Nonetheless, marketing trends must be ‘right’, regardless of whether they are dictating or following consumer demand, otherwise advertising would cease to be the biggest industry in the world behind the space programme. So, if these trends are ‘right’, is the customer always right? First of all, I need to make a distinction between ‘the customer’ and ‘the consumer’, since the former needs to consider the latter in many cases.

The statement that the customer is always right is not true at all. It would be more correct to say that the customer must get what they ask for, regardless of whether they are right or wrong. If the customer is also the consumer, they reserve the right to be wrong, so in that sense they are always right. If a customer enjoys the privilege of falsely being right whilst actually being in the wrong, then their money will buy this.

With regard to professional services, the customer generally doesn’t want to be right. Most will want help understanding what gets results, and what is the right way to achieve this. This means that they are (more often than not) willing to listen to the advice of the experts they employ to handle their project. When it comes to creating a marketing tool such as a website, the responsibility of delivering a successful product doesn’t depend on the client being right, it depends on the tool itself being the right one for the job; achieving the target objectives. Fortunately, most clients will understand that their own subjective ideals have to be subservient to proper, established systems of approach.

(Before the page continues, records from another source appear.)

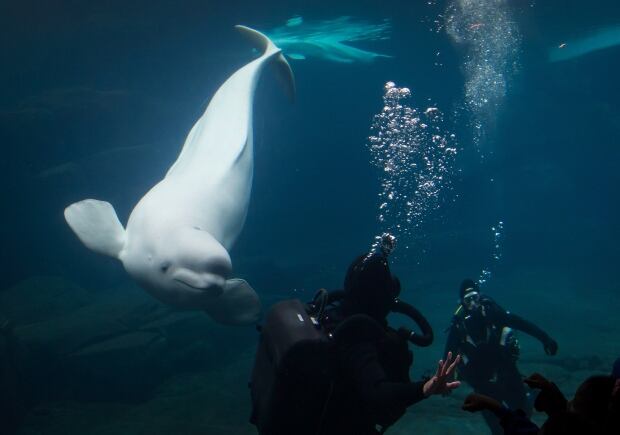 Belugas Navy Divers 20150118
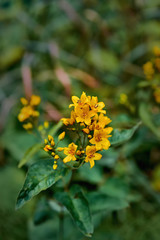 Beautiful yellow flowers close-up on green stems. Photo of flowers with shallow depth of field.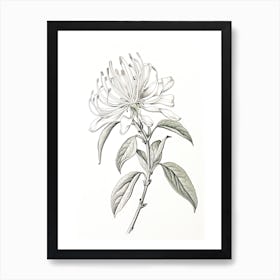 Honeysuckle Flower Vintage Botanical 0 Art Print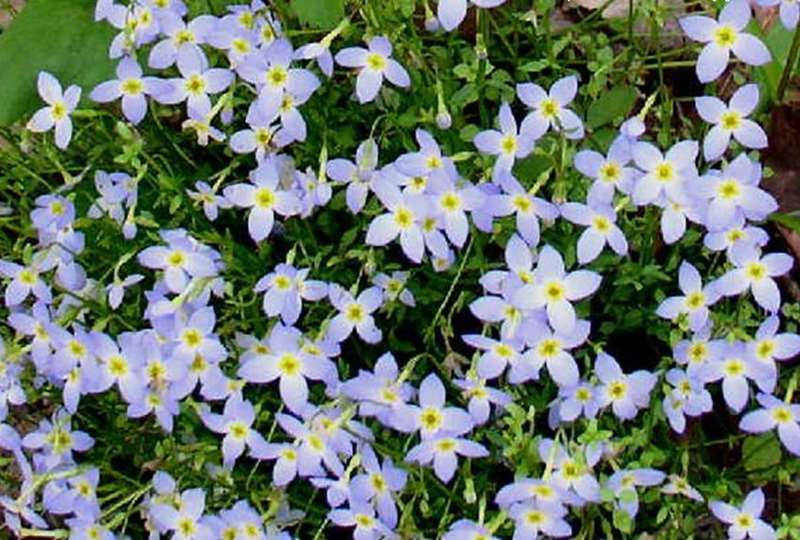 Bluets were the most abundant wildflower today.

In short, this means that whilst the designer is subject to the client, the client is subject to the end user, or target audience. So, it is the end user / consumer who is always right, since ultimately they are the ones who pay. If packaging and trends dictate how people buy in a given market, then these perceptions must meet the target audience expectation, and it is this dynamic that must be ‘right’ to accommodate both.

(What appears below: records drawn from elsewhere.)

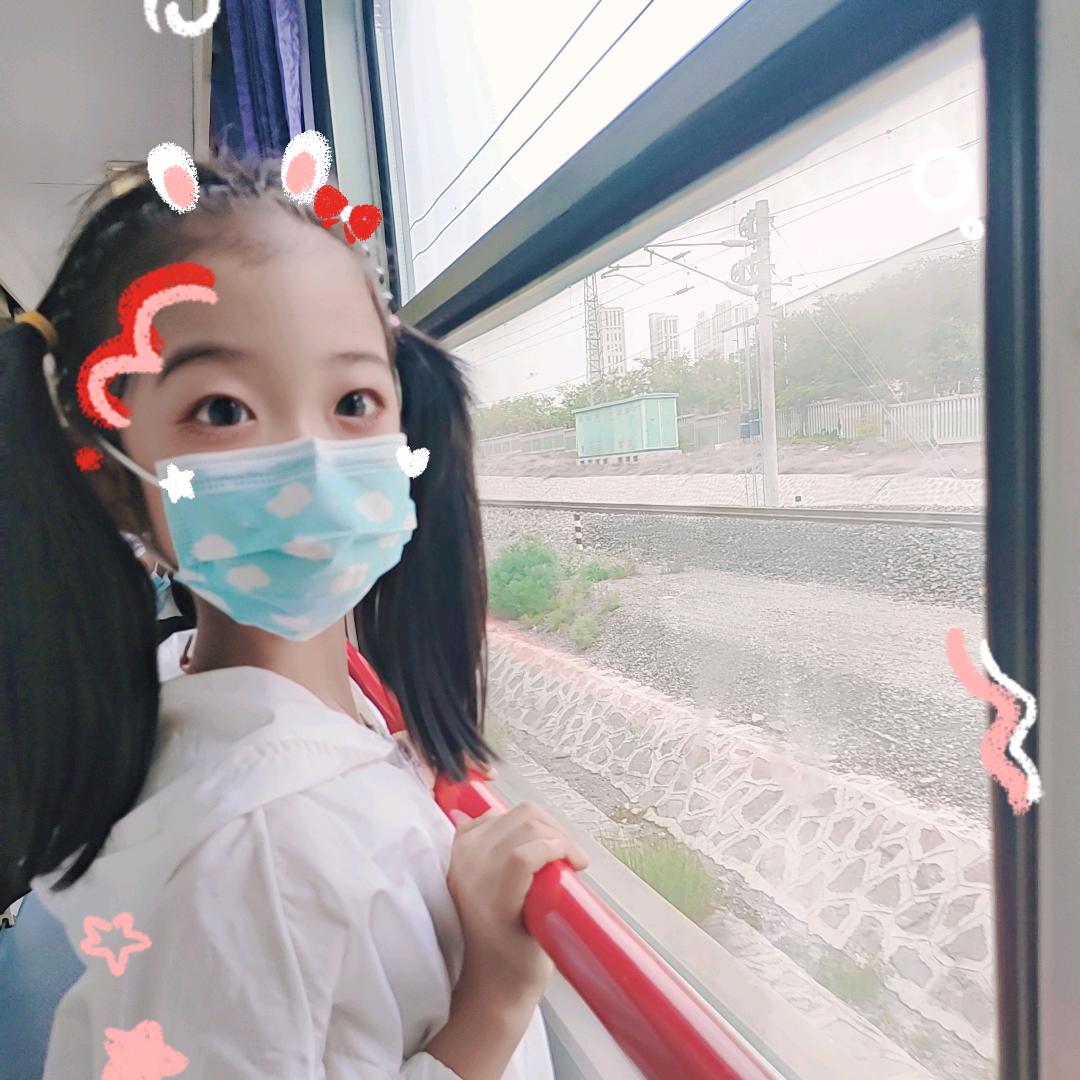 猪猪的幸福生活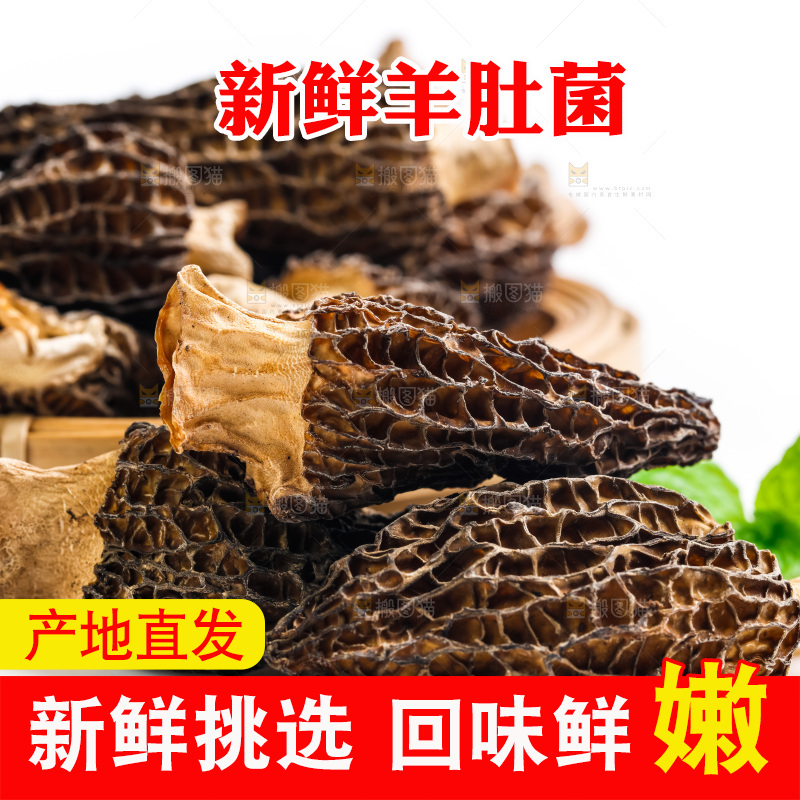 干羊肚菌放在浅底上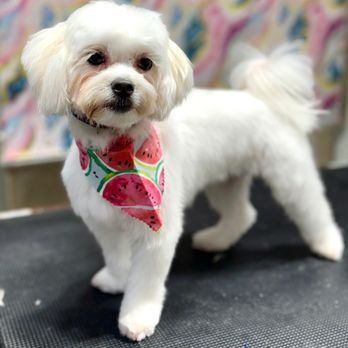 LUX Wellness Pet Spa - Honey!!! - Pet Groomers Near Me - Brookshire, Texas LUX Wellness Pet Spa - Honey!!! - Pet Groomers Near Me - Brookshire, Texas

This leaves us to define the context of the word ‘right’. If we are talking about a moral right, then that leads us into the murky waters of advertising ethics, though if we are using the word ‘right’ to define a successful formula for selling, then anyone subscribing to a successful system is ‘right’. This may be the designer, it may also be the client, but it is always the end user / target audience, as they are the ones who are subject to the governing trends.

This may sound cynical, but who is the real cynic in manipulative or patronising advertising? The bottom line is that if a service or product offers real value for money that is the core of real sustainable marketing. There is no moral excuse for cynical advertising, though conversely, there is no excuse for not taking advantage of trends to promote a product or service in this day and age. The key is to deliver value for money in the marketplace, regardless of how we promote our services or products, and whether we take advantage of governing trends or not.